Pour paraphraser un peu librement Shakespeare, je dirai qu’il se passe quelque chose de pas terrible au royaume de France.
Je veux parler des débats actuels sur le plafonnement, pour les logements neufs bénéficiant d’un avantage fiscal, des commissions de vente des promoteurs, dans le cadre de la loi ÉLAN.
Un nom dynamique pour une loi qui contient sans aucun doute des aspects intéressants. Mais le sujet du plafonnement des commissions soulève bien des controverses.
Du côté de l’accusation, les promoteurs n’apprécient pas, mais pas du tout. Il faut savoir qu’ils sont dans une industrie lourde, qui nécessite beaucoup de capital – il se passe plusieurs années entre l’identification d’un terrain et la livraison d’un immeuble – et qui mobilise aussi des équipes nombreuses : alors, il est vital de vendre et de vendre vite, et pour cela rien de tel qu’une bonne dynamique de vente.
Du côté de l’accusation toujours, les vendeurs sont-ils trop payés ? Ceux qui ne sont pas vendeurs ont l’habitude de le dire. Mais quand le vendeur s’en va faire autre chose, on s’aperçoit parfois qu’il était précieux dans le dispositif. Pas simple.
Donnons maintenant la parole à la défense :
Les prix du logement neuf sont élevés, il serait souhaitable qu’ils soient plus accessibles, et quand l’État donne des avantages fiscaux, il a le droit de poser des règles.
Jusque-là, nous sommes d’accord.
Mais d’où peut bien venir l’idée selon laquelle l’État va faire œuvre utile en contrôlant les marges des entreprises ?
D’abord, en ce qui concerne les prix de l’immobilier, l’ancien aussi est très cher.
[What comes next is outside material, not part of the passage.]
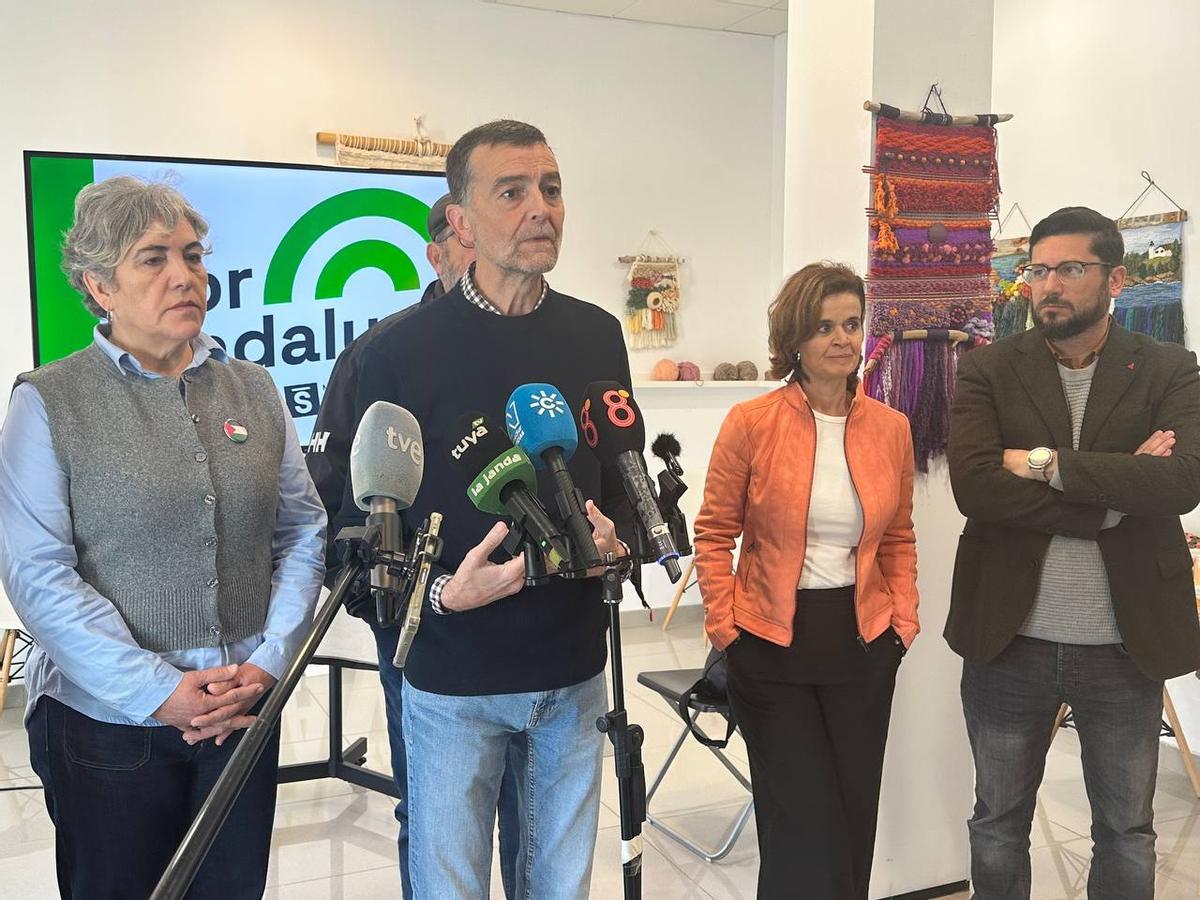 El líder de IU, Antonio Maíllo, en declaraciones a la prensa en Chiclana.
Là, les promoteurs n’y sont pour rien ! Si l’on veut que les prix soient moins élevés dans le logement ancien comme dans le neuf, c’est à la rareté qu’il faut s’attaquer.
Vous savez, il y a aujourd’hui assez de logements pour la population de 2016. En 2019, nous aurons assez de logements pour 2017. C’est ce décalage entre l’offre et la demande, en se maintenant d’année en année, qui crée une tension sur les prix et les loyers. Que demain il y ait assez de logements, que les jeunes ou les moins jeunes qui travaillent dans les grandes villes ne soient plus obligés d’habiter à une heure de transport de leur lieu de travail, bref, qu’il y ait assez de logements, là où ils sont nécessaires, et ils deviendront accessibles. Mais aucune loi, aucune réglementation sur les prix ou sur les marges ne fera comme par miracle pousser des logements en nombre suffisants…
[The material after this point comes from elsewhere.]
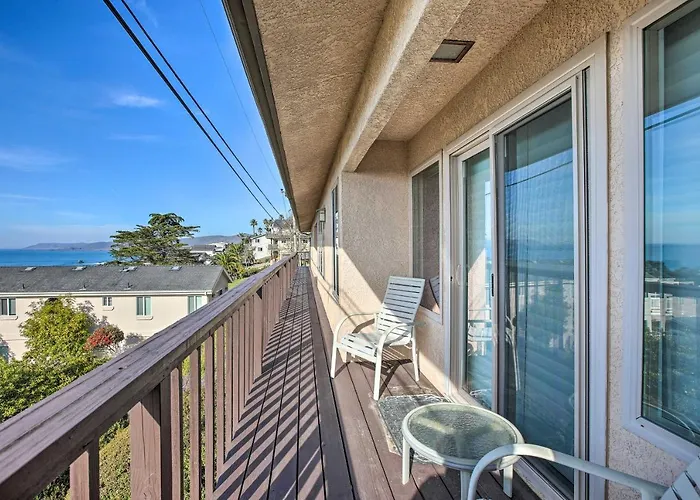 Pet-Friendly Cayucos Home W/ Ocean Views!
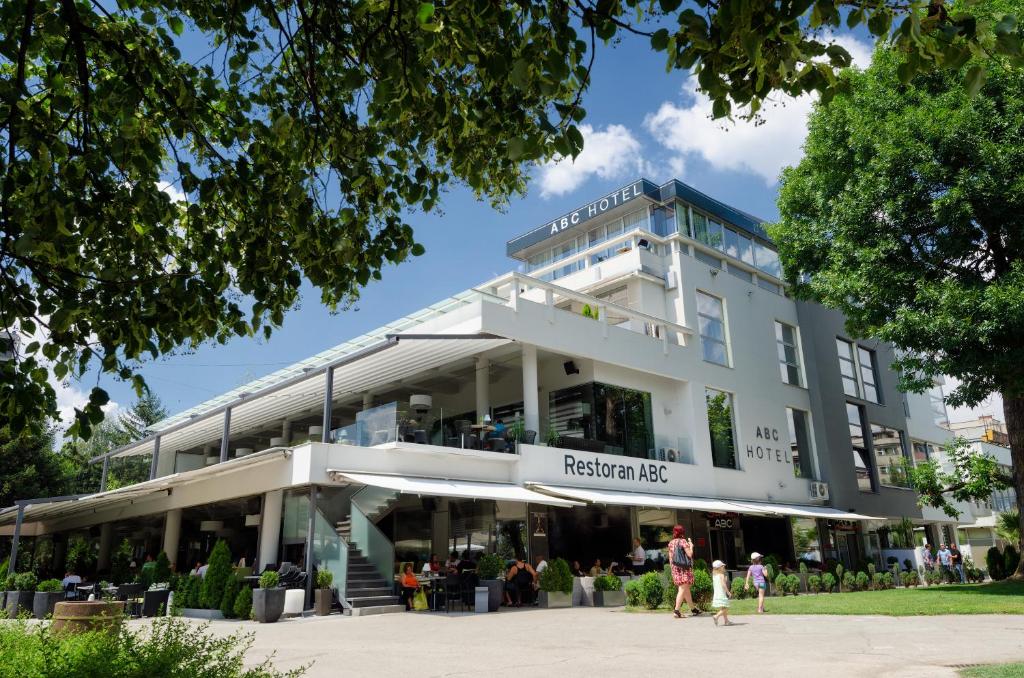 Hotel ABC — Hotel in Leskovac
Mais il n’y a pas que le sujet des logements, il y a aussi celui de l’industrie immobilière qui produit ces logements. Intervenir, par la loi, sur les marges ? Je n’ose imaginer ce qui se serait passé si le gouvernement américain avait contrôlé les marges d’Apple ou de Google – là, c’est une petite parenthèse pour ceux qui se demandent pourquoi une société comme Amazon n’est pas née en France alors que nous sommes le pays de la culture… Bon, je m’échauffe un peu mais j’avoue que je ne comprends pas pourquoi nous ne suivons pas l’exemple des pays qui se sont redressés. Tout près de nous par exemple, la première chose qu’a fait l’Allemagne quand elle allait encore mal, a été de soulager ses entreprises. On connaît le résultat. C’est pourtant simple, les entreprises sont les abeilles ouvrières de l’économie, ce sont elles qui créent des emplois, ce sont elles qui sont à l’origine du niveau de vie.
C’est ce qui m’attriste le plus dans la question du contrôle des commissions, donc des marges. Nos dirigeants gaspillent leur énergie et leur talent en construisant des échafaudages réglementaires complexes qui ne résoudront rien, au lieu de se consacrer aux véritables enjeux. Et on n’en manque pas ! Dans l’immobilier, il y a la construction qui doit rattraper la démographie, il y a la réduction des dépenses énergétiques, il y les critères de confort, de bien-être, de santé, bref, il y a tant à faire !
Voilà, je me suis un peu énervé, mais j’aimerais tellement que nos dirigeants s’occupent vraiment de l’avenir.
J’ai commencé par Shakespeare, je vais conclure avec Woody Allen qui disait :
« Je m’intéresse à l’avenir parce que c’est là que j’ai décidé de passer le restant de mes jours ».